* [Required action]:
Every line that appears in the listing is to be set down verbatim.

* [Given data]:
--*--

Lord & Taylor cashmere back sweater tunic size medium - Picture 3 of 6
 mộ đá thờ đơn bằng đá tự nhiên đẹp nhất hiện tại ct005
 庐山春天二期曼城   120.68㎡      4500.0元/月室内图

--*--

* [Reply to the task]:
Lord & Taylor cashmere back sweater tunic size medium - Picture 3 of 6
 mộ đá thờ đơn bằng đá tự nhiên đẹp nhất hiện tại ct005
 庐山春天二期曼城   120.68㎡      4500.0元/月室内图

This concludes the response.